Mungkin ini yang namanya rasa suka yang Allah hadirkan untuk sesama saudara muslimah. Aku juga sering mendengar cerita serupa dengan yang kualami ini dari teman-teman sekitarku. Ini bukan tentang rasa suka semacam, "kelainan sesama jenis" begitu ya. Oh bukan, tentu tidak begitu maksudnya. Perasaan suka ini lebih kepada kekaguman terhadap sifat/kepribadian dari si akhwat tangguh ini, bukan sama sekali perihal fisik.

Kenapa? Kok bisa segitu kagumnya sama seorang akhwat?

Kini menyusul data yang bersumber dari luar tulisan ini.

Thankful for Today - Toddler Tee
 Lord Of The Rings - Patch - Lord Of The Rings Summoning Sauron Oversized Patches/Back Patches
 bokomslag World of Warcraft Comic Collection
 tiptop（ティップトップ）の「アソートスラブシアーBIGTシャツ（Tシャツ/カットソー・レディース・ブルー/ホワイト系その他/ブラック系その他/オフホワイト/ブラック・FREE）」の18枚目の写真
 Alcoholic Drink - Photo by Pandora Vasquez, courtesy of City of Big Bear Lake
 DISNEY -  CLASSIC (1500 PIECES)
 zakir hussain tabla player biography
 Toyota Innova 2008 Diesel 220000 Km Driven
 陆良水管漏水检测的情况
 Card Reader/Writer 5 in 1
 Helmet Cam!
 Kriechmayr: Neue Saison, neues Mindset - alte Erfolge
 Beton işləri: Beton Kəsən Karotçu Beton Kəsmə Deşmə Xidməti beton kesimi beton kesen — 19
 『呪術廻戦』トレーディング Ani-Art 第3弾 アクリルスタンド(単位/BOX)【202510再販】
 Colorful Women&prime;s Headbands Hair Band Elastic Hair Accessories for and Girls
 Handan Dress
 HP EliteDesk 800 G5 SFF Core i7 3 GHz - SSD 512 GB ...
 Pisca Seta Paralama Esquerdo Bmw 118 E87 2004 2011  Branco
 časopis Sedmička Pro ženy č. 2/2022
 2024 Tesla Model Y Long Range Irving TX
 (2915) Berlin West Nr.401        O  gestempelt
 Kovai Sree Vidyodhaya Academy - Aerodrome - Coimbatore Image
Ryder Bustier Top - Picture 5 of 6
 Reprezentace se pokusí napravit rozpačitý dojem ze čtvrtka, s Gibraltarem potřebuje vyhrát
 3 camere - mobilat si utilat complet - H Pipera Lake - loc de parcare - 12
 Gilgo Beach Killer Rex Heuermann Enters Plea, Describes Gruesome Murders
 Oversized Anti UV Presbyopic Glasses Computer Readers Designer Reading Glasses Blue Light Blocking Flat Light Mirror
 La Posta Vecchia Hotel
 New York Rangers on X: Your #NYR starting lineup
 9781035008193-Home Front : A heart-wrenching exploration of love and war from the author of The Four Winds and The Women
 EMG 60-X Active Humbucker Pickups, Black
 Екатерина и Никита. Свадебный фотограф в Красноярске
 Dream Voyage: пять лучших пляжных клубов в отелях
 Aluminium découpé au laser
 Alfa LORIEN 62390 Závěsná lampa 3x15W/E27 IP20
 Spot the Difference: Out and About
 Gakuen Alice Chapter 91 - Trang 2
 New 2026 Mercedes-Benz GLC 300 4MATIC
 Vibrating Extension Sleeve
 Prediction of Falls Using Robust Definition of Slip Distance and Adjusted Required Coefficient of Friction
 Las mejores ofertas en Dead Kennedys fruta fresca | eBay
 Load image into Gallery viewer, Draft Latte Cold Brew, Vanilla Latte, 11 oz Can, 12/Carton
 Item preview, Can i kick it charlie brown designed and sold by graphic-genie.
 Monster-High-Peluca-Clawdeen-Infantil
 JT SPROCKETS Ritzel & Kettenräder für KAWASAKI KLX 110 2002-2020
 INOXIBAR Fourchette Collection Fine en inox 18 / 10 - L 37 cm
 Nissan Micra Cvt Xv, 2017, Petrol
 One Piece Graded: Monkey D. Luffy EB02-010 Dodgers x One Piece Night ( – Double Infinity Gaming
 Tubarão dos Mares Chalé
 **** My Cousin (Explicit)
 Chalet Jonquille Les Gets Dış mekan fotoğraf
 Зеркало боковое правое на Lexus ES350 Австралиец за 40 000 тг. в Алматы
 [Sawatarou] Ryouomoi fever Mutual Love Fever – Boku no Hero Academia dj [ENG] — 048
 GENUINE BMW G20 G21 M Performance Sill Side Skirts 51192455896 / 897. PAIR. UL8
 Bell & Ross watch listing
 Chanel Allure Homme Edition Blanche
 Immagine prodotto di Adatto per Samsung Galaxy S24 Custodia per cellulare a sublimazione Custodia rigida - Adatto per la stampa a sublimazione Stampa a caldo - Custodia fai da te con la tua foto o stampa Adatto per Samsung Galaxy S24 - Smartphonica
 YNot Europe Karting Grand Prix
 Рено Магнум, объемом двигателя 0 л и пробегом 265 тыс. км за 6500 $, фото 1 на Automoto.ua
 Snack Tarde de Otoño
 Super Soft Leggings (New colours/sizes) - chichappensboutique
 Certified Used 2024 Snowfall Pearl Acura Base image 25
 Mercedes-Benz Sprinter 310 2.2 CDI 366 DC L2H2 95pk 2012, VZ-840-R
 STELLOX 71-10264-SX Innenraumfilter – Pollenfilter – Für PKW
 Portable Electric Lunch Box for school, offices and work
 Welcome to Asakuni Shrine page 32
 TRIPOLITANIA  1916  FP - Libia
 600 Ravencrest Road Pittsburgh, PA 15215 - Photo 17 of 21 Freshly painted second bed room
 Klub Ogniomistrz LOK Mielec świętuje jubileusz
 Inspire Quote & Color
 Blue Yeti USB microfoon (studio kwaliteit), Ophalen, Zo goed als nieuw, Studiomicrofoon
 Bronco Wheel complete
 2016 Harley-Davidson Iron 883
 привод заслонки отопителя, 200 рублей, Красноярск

Nah, jadi begini. Kurasa setiap diri kita punya tipe muslimah ideal masing-masing, bukan? Sosok-sosok yang terbayang di benak kita pertama kali sebagai role model paling ideal pastinya ialah; muslimah-muslimah luar biasa dari zaman kenabian, baik sebelum maupun ketika zaman Rasullullah. Muslimah-muslimah mulia yang namanya dikenang sepanjang sejarah dunia, pun dikenal sampai ke syurga hingga membuat para bidadari syurga cemburu.

Muslimah-muslimah luar biasa itu, seperti; Ibunda Asiah binti Muzahim, muslimah yang keteguhannya mempertahankan keyakinan pada agama Allah tak tergoyahkan, meskipun hidup beliau senantiasa dibayang-bayangi oleh Fir'aun laknatullah. Lalu, Ibunda Maryam binti Imran, seorang wanita yang pandai menjaga kesuciannya. Lalu, Ibunda Khadijah binti Khuwailid, istri pertama baginda Rasullullah SAW yang merupakan sosok wanita cerdas, setia, tangguh dan definisi wanita sukses dunia akhirat pantas dilabelkan kepadanya. Lalu, Ibunda Fatimah binti Muhammad, putri Rasulullah yang terlahir dari rahim Ibunda Khadijah, dibesarkan dengan didikan dari kedua orang tua mulia menjadikannya tumbuh sebagai wanita yang amat sangat taat beribadah. 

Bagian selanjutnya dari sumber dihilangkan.